Sí, yo sé que a muchos emocionan los himnos... y puede doler desacralizarlos. (Yo tenía un tío que chechoneaba, lo mismo con "América inmortal, fuente de luz, faro de libertad" que con "La marcha de las vocales" de Cri-Cri. Igual le tarareaba uno aquello de "Cielooos y tierraaa... bendecid al señor" y se deshacía en un mar de lágrimas, el pobre que -cuantimás- con aquellos de "el acero aprestad y el bridón", aunque no se le diera -era ya viejón- entender ni una palabra).

Pero alguien habría de decirlo. La letra de este himno es mala y bien mala. (Aquí, sólo hablo de la letra, conste, no de la música -sería injusto- que don José Jacinto puntualmente hizo lo suyo, y muy bien hecho). La marcialidad y el ritmo se saben su cuento, pero a veces no se miden como en el caso que nos ocupa que no resiste el menor análisis. Basten sólo unos ejemplos: el cóndor -para empezar por algo- es un ave de rapiña -según el sencillo diccionario escolar que tengo aquí en la playa-, una especie de zopilote calvo de tres metros de envergadura, la más grande de las aves que vuelan. Sólo que únicamente vuela por los Andes -en su casa la conocen- y en México, como se diría, ni sus plumas. "El altivo condor del Anahuac", a que alude la letra, es pues, la burrada más a la mano; que, además, acentuada en la última ó -condór- por fuerza de la música, ofende más al oído. Hay por ahí unas partes de la letra original -cambiada más tarde por vergüenza- no muy conocidas -o no muy publicadas- que ofenderían aún más si las hubieran dejado: "...si una vez tremolara orgullosa -se refería a Francia- su escupida y hollada bandera... fue la vez que una inmunda ramera, cobijara por diosa en su altar...". Y luego, la ocurrencia liberal chauvinista y trasnochada de culpar -vagamente eso sí- a un cura: "...tan rastreras, tan ruines maldades, un jesuíta las debe inspirar". Así se usaba, que los políticos todos, en aquellos tiempos, "andaran" siempre detrás de los curas, unos con un rosario en la mano, los otros con un machete... que el asunto era andar.

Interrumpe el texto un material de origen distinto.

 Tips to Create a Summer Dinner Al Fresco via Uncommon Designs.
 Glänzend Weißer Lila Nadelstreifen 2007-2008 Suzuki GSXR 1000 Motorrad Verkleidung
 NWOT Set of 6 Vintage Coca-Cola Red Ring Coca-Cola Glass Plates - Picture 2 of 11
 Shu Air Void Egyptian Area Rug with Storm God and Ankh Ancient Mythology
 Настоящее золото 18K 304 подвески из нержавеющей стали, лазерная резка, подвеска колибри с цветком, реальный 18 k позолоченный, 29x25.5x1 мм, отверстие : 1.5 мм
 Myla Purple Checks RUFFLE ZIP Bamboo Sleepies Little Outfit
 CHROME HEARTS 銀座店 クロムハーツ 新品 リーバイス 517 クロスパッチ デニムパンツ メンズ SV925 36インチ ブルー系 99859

La noticia en el Diario hablaba de que "algunos historiadores" lo consideran separatista y belicoso. Yo no soy historiador. Yo sólo lo considero malo, ripioso y ajeno. Como un himno patriótico -cuya, seguramente, fue la intención del autor, un republicano inflamado de fervor nacionalista- quedaría como uno de tantos más, ilegible y anticuado. Pero como Himno Yucateco: ¿de dónde?

El orgullo de ser yucateco va por otros lados. Por los lados claros y soleados de nuestra manera de ser. Por el suave modo nuestro que nos permite comer como comemos, cantar como cantamos, inventar la gracia espontánea y el ingenio oportuno que nos hace reír como reímos.

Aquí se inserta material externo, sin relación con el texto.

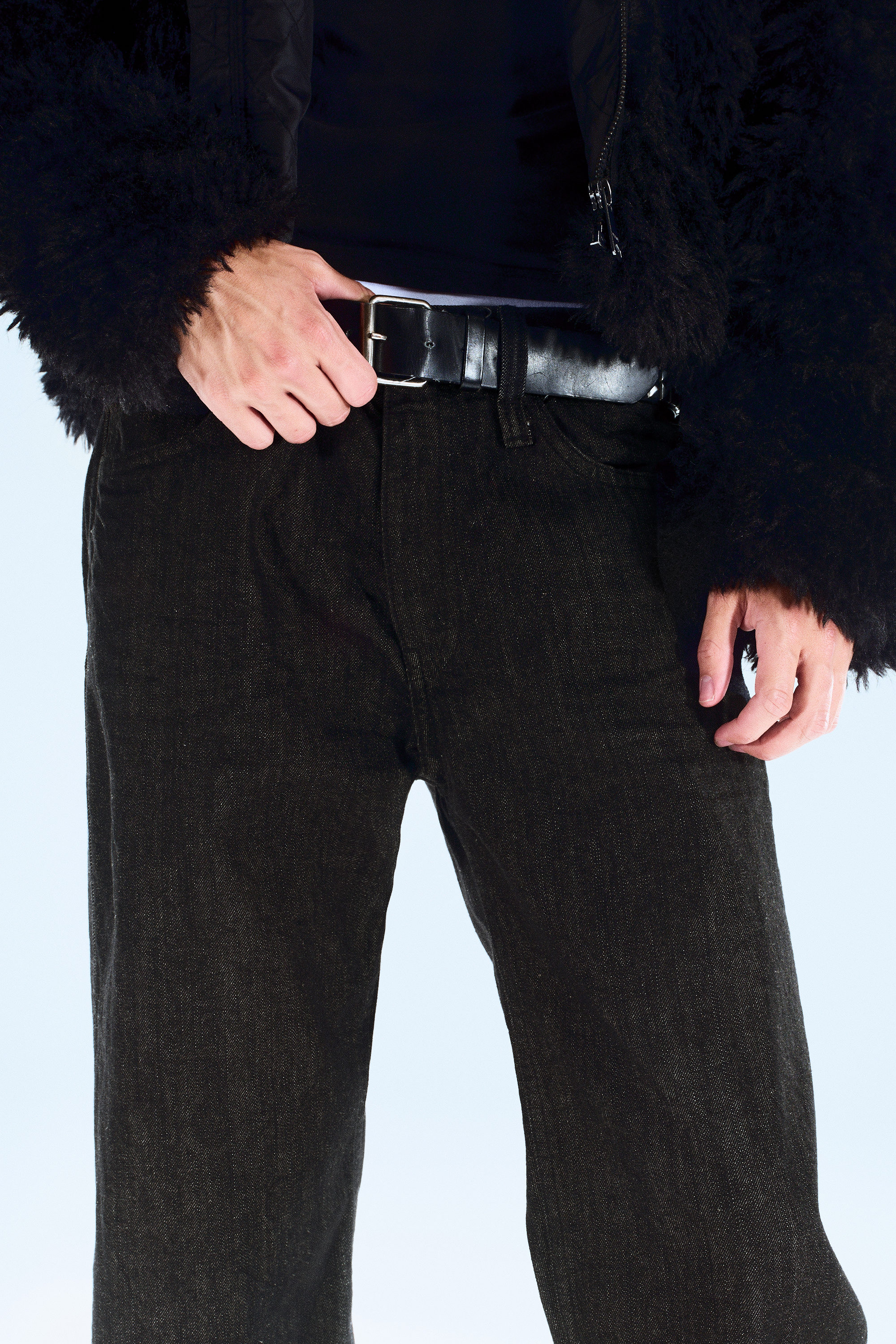 Extra Black Rinse - Anti Unisex Low Waist Regular Straight Jeans - 7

Mucha gente ha venido de fuera, enamorada precisamente de todo esto, de nuestras canciones y nuestra comida, de nuestro paisaje florido. De nuestra tranquilidad y de nuestro tiempo en el que la vida dura el doble, al paso lento del reloj. A eso han venido, y por eso han escogido motu proprio hacerse yucatecos. Porque han querido venir a vivir así.

Bienvenidos cuando ayudan a conservar ese estilo de vida que los trajo. Cuando se apropian de nuestras palabras -incluso las mayas-, cuando saborean con fruición nuestros guisos, cuando se les oye -quizás a pesar suyo- hablar con nuestro acento y se hacen lenguas de lo bien que la pasan.

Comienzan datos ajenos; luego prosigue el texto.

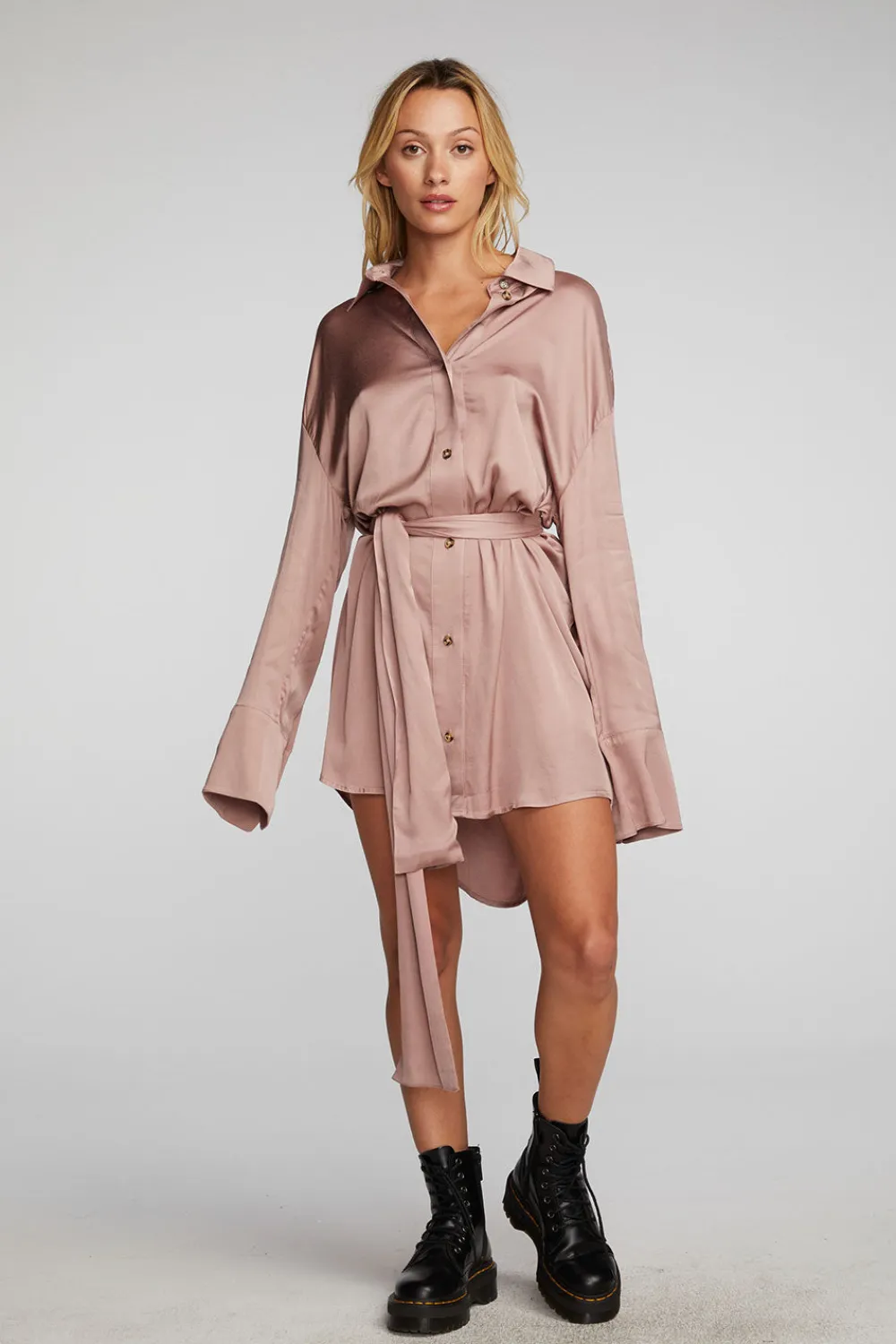 New Stretch Silky Woven Shirt Dress Women Loungewear|Dresses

Las banderitas -las de las cinco estrellas- que proliferan en automóviles, en camisetas y gorras, tienen que ver, al revés, con nuestras costumbres amenazadas, con nuestra habla modificada, con las frutas del "súper" cambiadas de nombre -chirimoya por zaramuyo, betabel por remolacha, col por repollo- y son sólo una actitud defensiva. Son la expresión del deseo de preservación de lo nuestro (Intentaré hablar más de esto, extenderme, en alguna conferencia próxima).

Esa bandera, que un día fuera de la efímera República de Yucatán y que hoy, espontáneamente florece, simboliza nuestro orgullo de ser como somos.

Este, el llamado "himno yucateco" es otra cosa. Nuestros niños no serán, por su causa, ni más cultos ni más cantores como se ha dicho. Otra vez, es sólo un oportunismo político, inadecuado y torpe.- F.E.- Chicxulub, Yucatán, agosto de 2000.